EUR/NZD provided a script entry, however it was below the weekly stack so I didn’t take it. That’s interesting data point, those are rare, so I’m highlighting it for future references. I want to collect more data on those trades. It fits my plan everywhere except for that.

USD/JPY also provided an entry. After a clear double / triple top – I’d have been happy to take it, however to have a weekly stack I’d have needed to use two weekly candles rather than just one. Which is my rule. However, I’ve seen those trade set-ups play out quite a few times. So I’m highlighting this trade to compare it to previous trades that did the exact same. I want to see if the average return is positive

How well did I execute my trading plan? Is there anything I should look into?

Okay now that I’ve mentioned every trade that I could see that worked with my daily zones was there any trades that I should’ve executed?

The answer is no, I executed the 4 trades that presented themselves to me and that fit every single criteria of my trading plan.

However, there were two trades that I didn’t execute because I wasn’t the biggest fan of their weekly stacks.

(Yes that’s my sclaping set-up)

Now I know I want to go back and check previous occasions where the weekly stack required two candles instead of one AND if it’s okay to take trade entries that are just outside the weekly zone?

Time to look back in my data set

Not going to share the results about that analysis to keep my trading plan more or less “private”even tho I’m sure you can reverse engineer it if you spend enough time here.

Sorry 🙂

Now once that is done I try to understand why the market offered so many potential entries? The reason – price had finally been pushed to areas of supply / demand since institutions removed their hedges to cover their asses during the US election.

That was my ASR for the 4 hour strategy. I’ve been using it a lot longer than my script so it’s normal I take less lessons out from it than my script trading.

A shorter version of my ASR for my scalping

Let’s quickly look into my scalping, I promise it’ll be quicker since I won’t go into as much detail. I want to mention it because I discovered something important while doing it.

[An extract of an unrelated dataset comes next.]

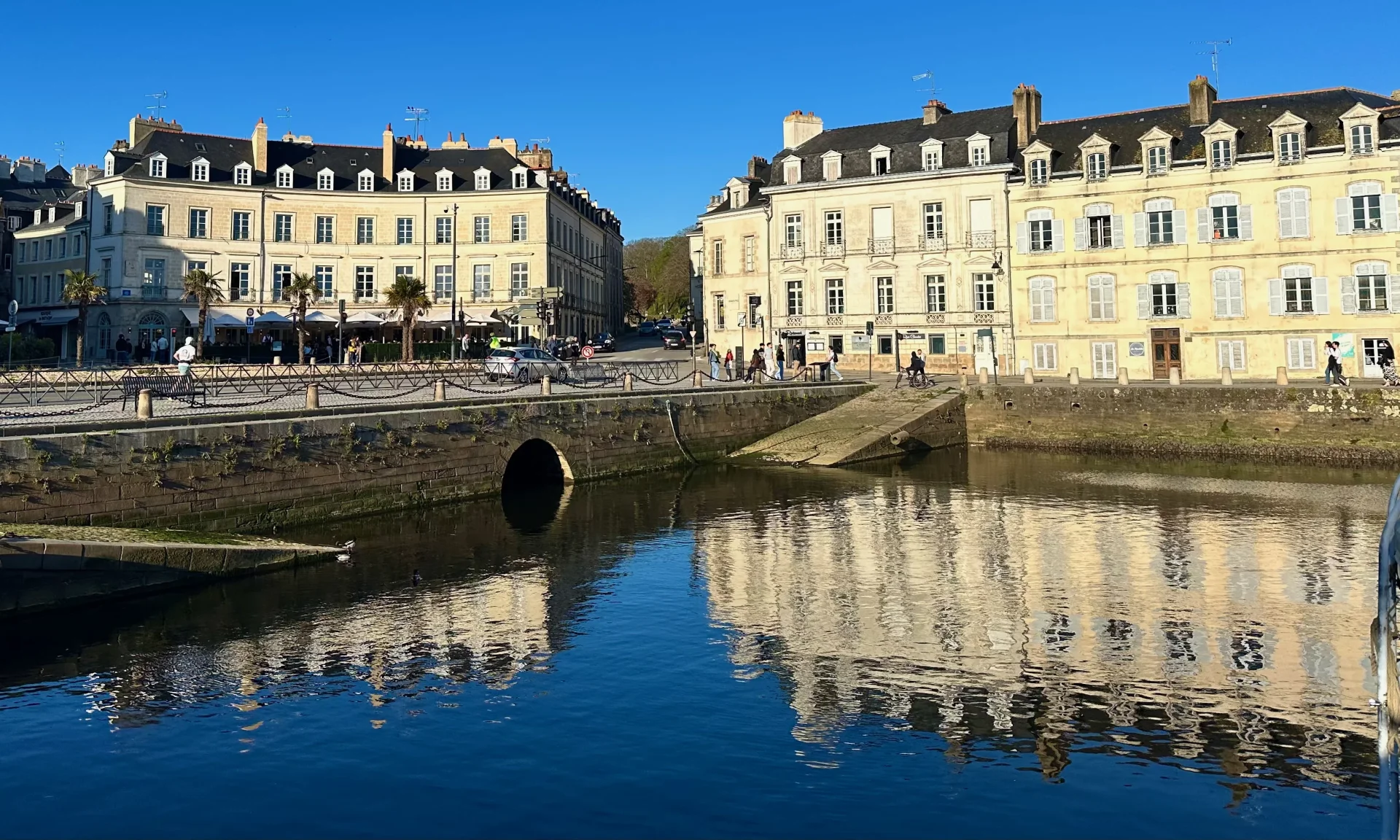 Vannes - MORBIHAN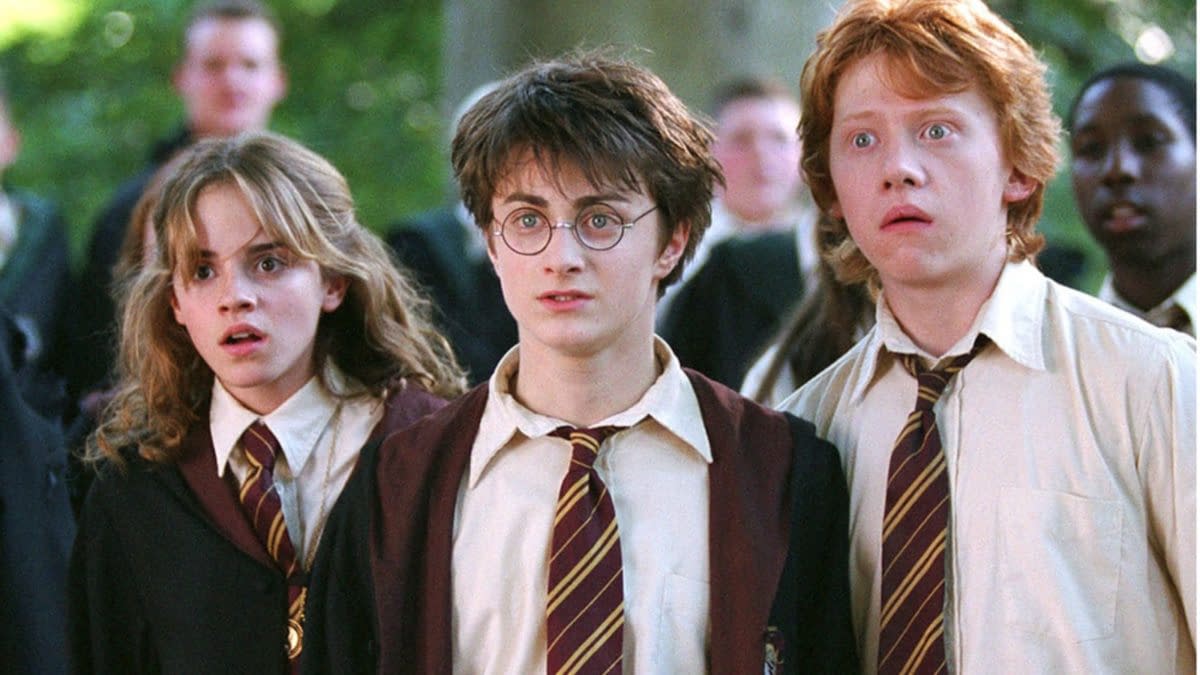 Harry Potter Not Impacted by JK Rowling's Transgender Comments: Bloys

The fact that last week was the worse week in terms of result of my scalping strategy over the last few months definitely made it interesting.

While doing my ASR, I noticed there had been 21 valid set-ups.

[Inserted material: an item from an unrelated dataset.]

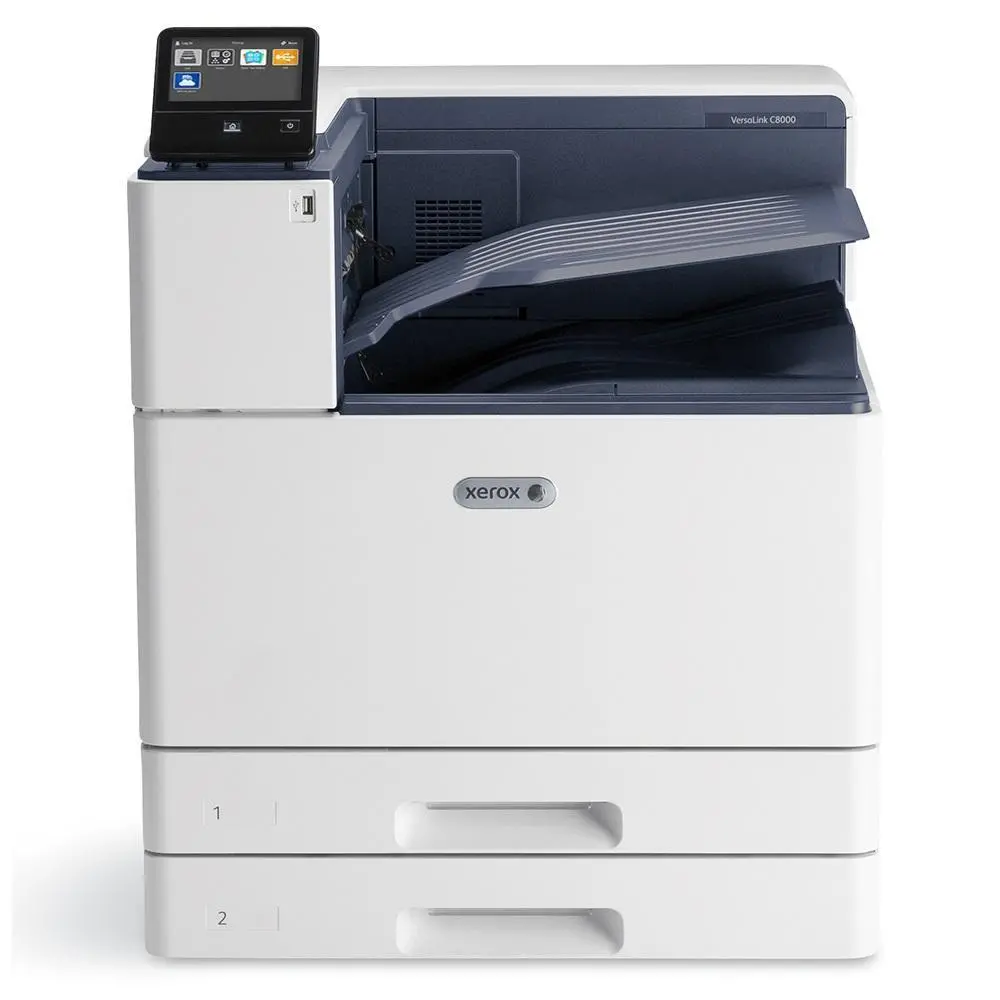 Xerox Versalink C8000 Color Tabloid Led Printer For Professional Results 1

I took 15 of those set-ups.

However that’s because one day there were 8 trades, where I limited myself to 5, I wasn’t feeling too good after 5 trades that resulted in 1 BE and 4 losses. So that’s 3 trades I had identified and could’ve executed. I took Friday off too, there was only one trade that showed up, a BE. So that makes up 4 trades.

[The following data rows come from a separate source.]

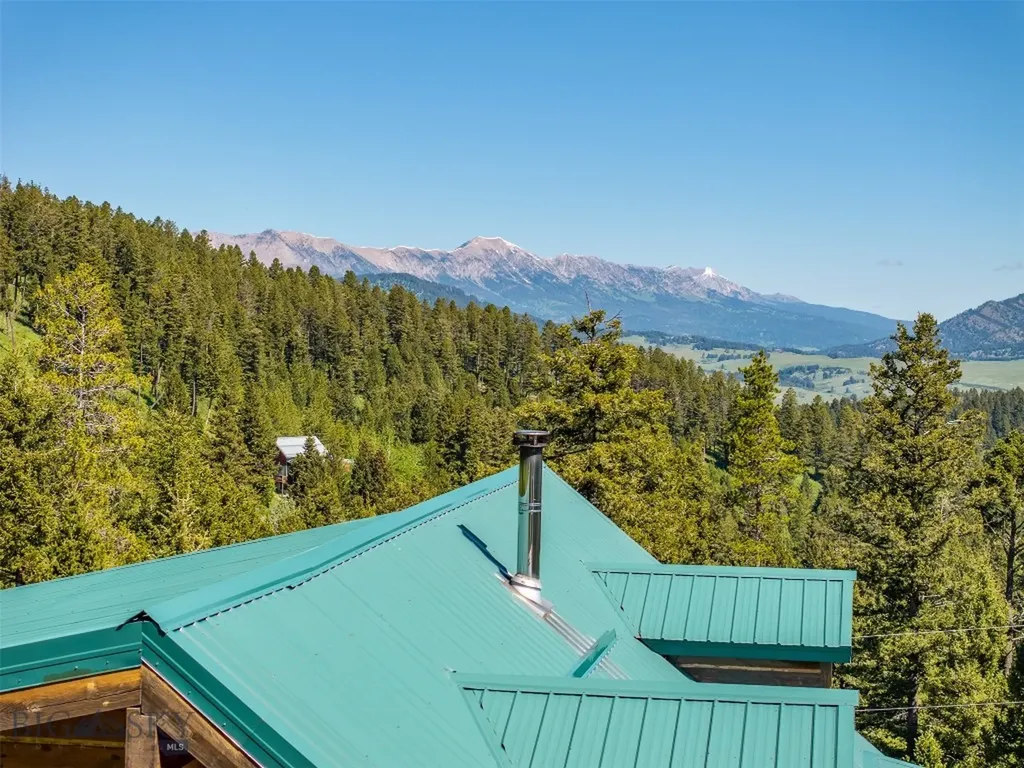 327 Rifle Road Bozeman MT 59715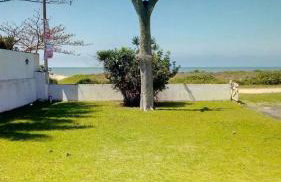 Casa Aconchegante Frente ao Mar Guaratuba - Foto 18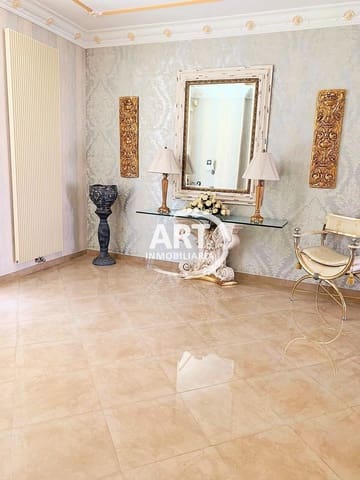 6 bedroom Villa for sale in Benaguasil with pool garage - € 825,000 (Ref: 7289235)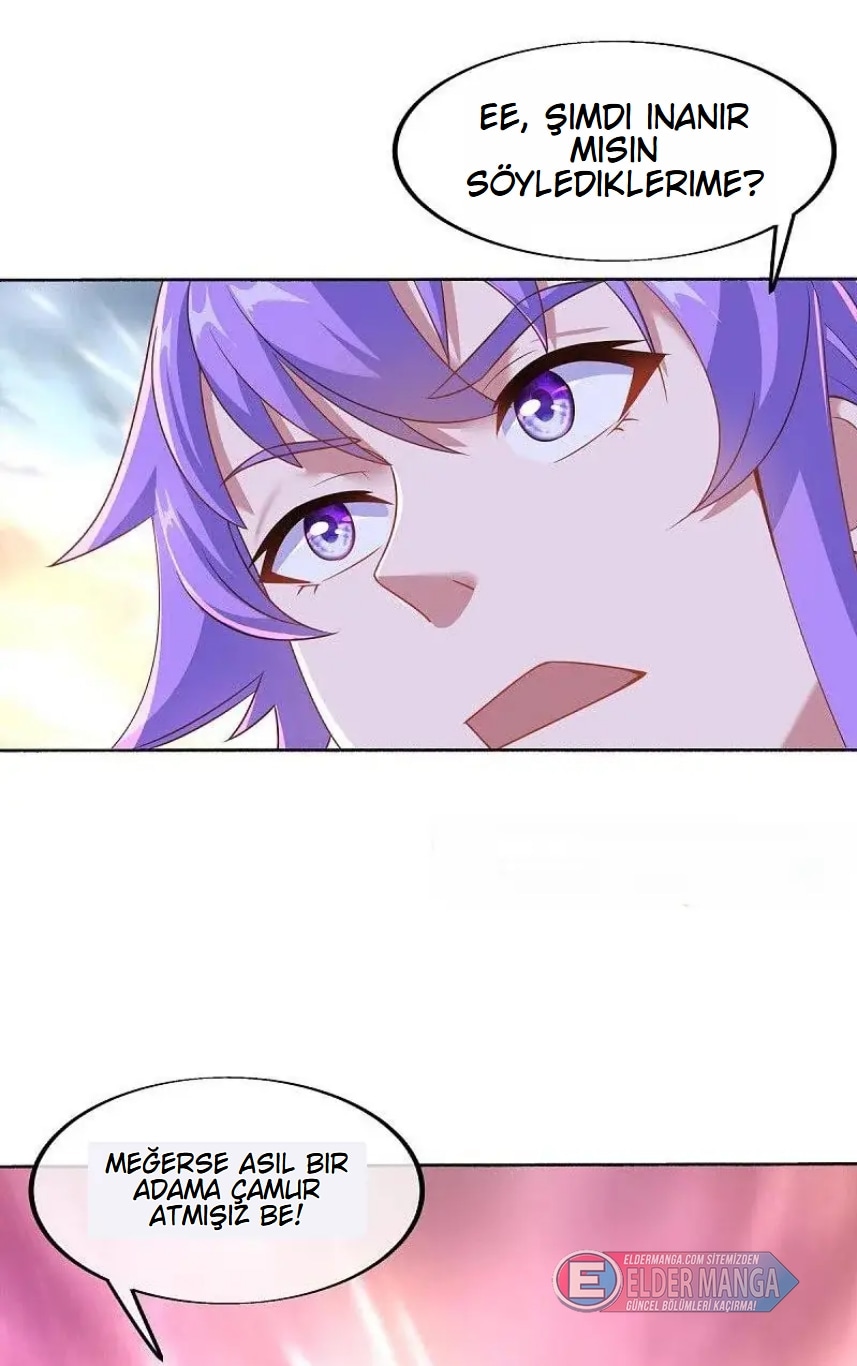 Eşsiz Savaş Ruhu Bölüm 465 - Sayfa 57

So I’d have executed 19 out of 21 valid set-ups.

That’s already pretty good, I’m quite happy about that. Sure I missed two trades.

Focus on your execution of your trading plan, not your results.

Executing a profitable trading plan will pay out in the long run. That’s all you need to do to become a profitable trader.

For a third week of living trading this plan I’m quite happy with that. In university you get an A for an 85% – I’d have scored a 90% here.

Is there any lesson here?

From there I need to understand why this week was so poor compared to previous weeks.

In my previous trading I was able to identify that the market could either be trending or correcting. I figured my scalping – which mainly focuses on short moves works better in a correcting market.

First I discussed it with a trader, a good one, that trades a very similar strategy.

We agreed that we want to avoid trading the market in such condition. Or at least, trade differently.

That made us realize that it was the market type that “caught us”.

If you’re dressed for a summer day in winter you’re going to suffer if you live in Canada. You have to adapt to the conditions. You can’t tweak the external conditions to fit you.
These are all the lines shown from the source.